Anche suo figlio Armando, a soli 18 anni, nel 1906 prende la stessa patente e diventano entrambi così famosi, come meccanici ed autisti, che vengono addirittura assoldati, con le auto di loro proprietà, per gite particolari dei Reali Savoia.
Le sorti di famiglia sembrano essersi raddrizzate.
Per tutti i sette fratelli Staffa c’è un periodo di grande prosperità economica e crescita sociale.

Ma purtroppo scoppia la Grande Guerra.
Vengono chiamati tutti.
Anche Guerriero che aveva un congedo illimitato firmato fin dal 1884.
Parte insieme al figlio Armando nel settembre del 1915.
Furono divisi per destinazione.
Armando, in una delle battaglie sull’Isonzo, venne ferito da un colpo di baionetta che gli attraversò lo stomaco.
Portato nelle retrovie, si salvò perché, nonostante le ferite, il proiettile entrato era uscito posteriormente senza colpire organi vitali.
Dopo circa due mesi, nel marzo 1916, dimesso era stato rispedito a casa.
Di Guerriero non si seppe nulla fino al 1917 quando, improvvisamente, verso la fine di ottobre, era tornato a casa.
Raccontò, in seguito, di essere stato catturato dagli Austro-ungarici in una imboscata nei pressi di Gorizia.
Era stato tenuto in un campo di prigionia sul lago Balaton, dal quale era fuggito insieme ad altri tre compagni, dopo circa un anno, nonostante debilitato una gravissima polmonite che aveva contratto.
Dalla guerra tornarono sicuramente anche Oliviero ed Argero.
Degli altri 4 fratelli si perse ogni traccia.
Le cose a Perugia erano cambiate.
Una famiglia di riformati e raccomandati, che non aveva partecipato alla guerra, si era impossessata delle Officine.
Ci furono anni di controversie legali e, nel frattempo, si era affermato il Fascismo che a Perugia ebbe una delle sedi più importanti.

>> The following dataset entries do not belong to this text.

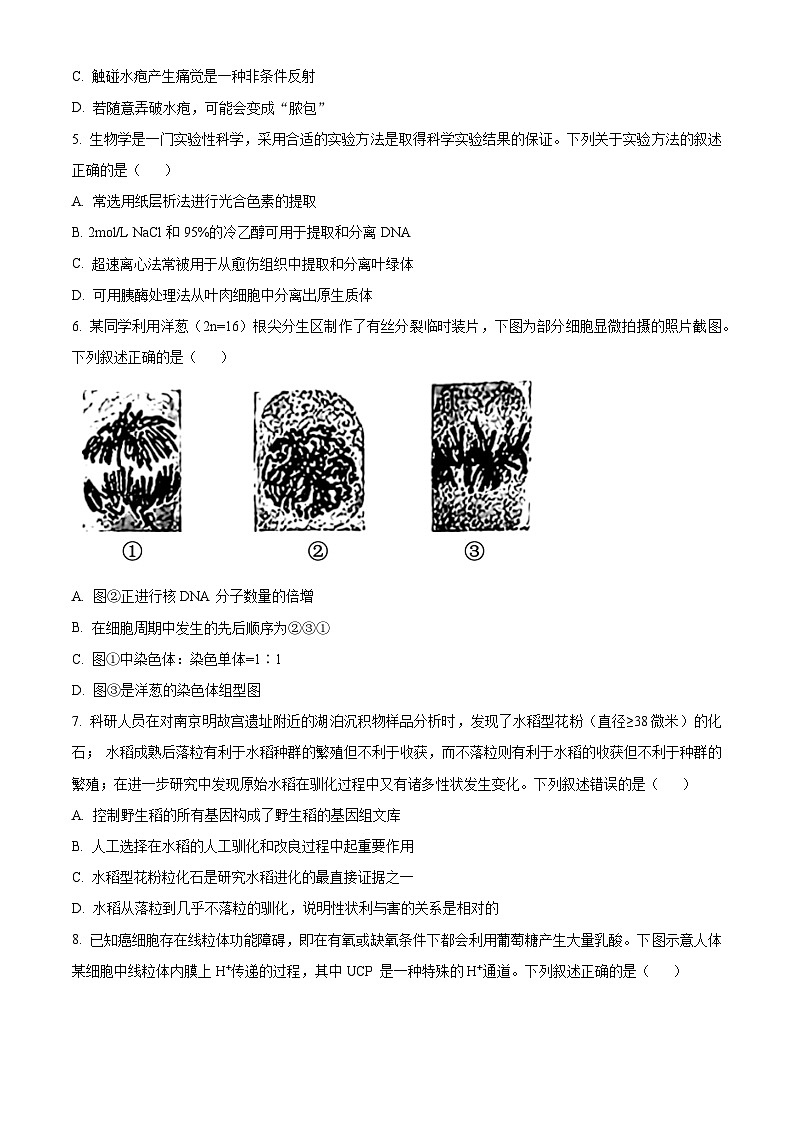 浙江省七彩阳光新高考研究联盟2024-2025学年高三上学期8月开学考试生物试题(Word版附解析)02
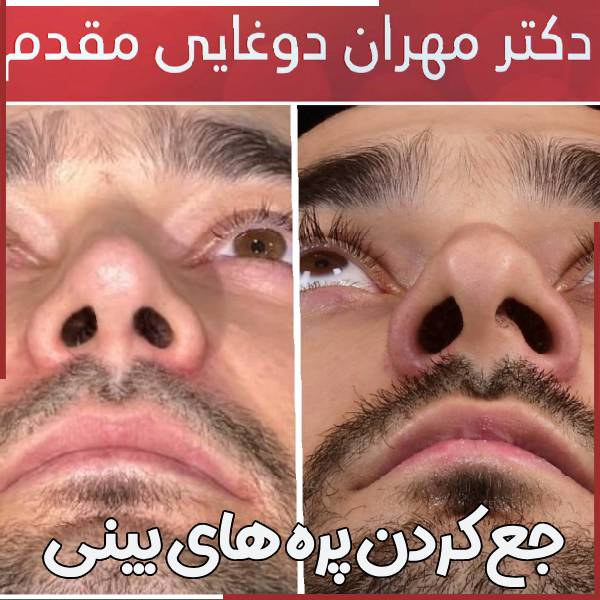 عمل جمع کردن پره های بنیی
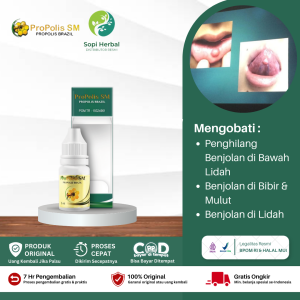 Obat Benjolan di Bawah Lidah Obat Benjolan di Bibir & Mulut Obat Penghancur Benjolan Mulut Obat Benjolan di Langit Langit Mulut - Propolis SM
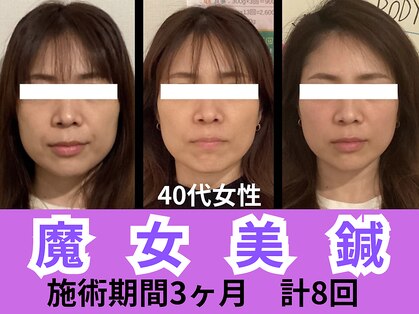 パンダ(Panda)の写真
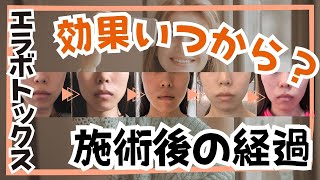 エラボトックス効果はいつから実感？1週間・1ヶ月後のリアルな経過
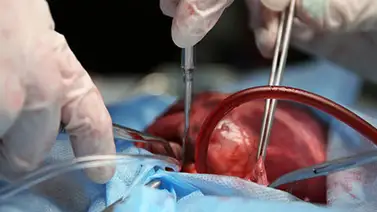 En Venezuela las malformaciones cardiacas afectan alrededor de 6.000 niños al año En Venezuela las malformaciones cardiacas afectan alrededor de 6.000 niños al año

Ma gli Staffa, secoli prima, avevano fatto la Guerra del Sale contro i Papi, avevano subito per secoli le persecuzioni e le angherie dei potenti dei quali non avevano mai riconosciuto l’autorità.
Non riconobbero neanche quella fascista.
Furono depredati di tutto, alcuni arrestati, altri mandati al confino.
Guerriero si rifugiò nella sua casa, dalla quale non uscì più fino alla sua morte per i postumi della polmonite contratta in Ungheria, nel 1924.
Aveva 63 anni. Una vita intera di doveri, vissuta a fronte alta, tipica di chi è fiero di non aver mai dovuto piegare la testa né essere venuto meno ai propri ideali.
Il bisnonno Guerriero, uno dei sette fratelli Staffa, il nonno Armando, antifascista senza remore fino alla morte e mio padre Mario, partigiano nella IV Brigata Garibaldi mi hanno insegnato con il loro esempio a vivere la vita come l’ho vissuta e spero continuino così i miei figli ed i nipoti a venire.

A loro va tutta la mia gratitudine ed ammirazione.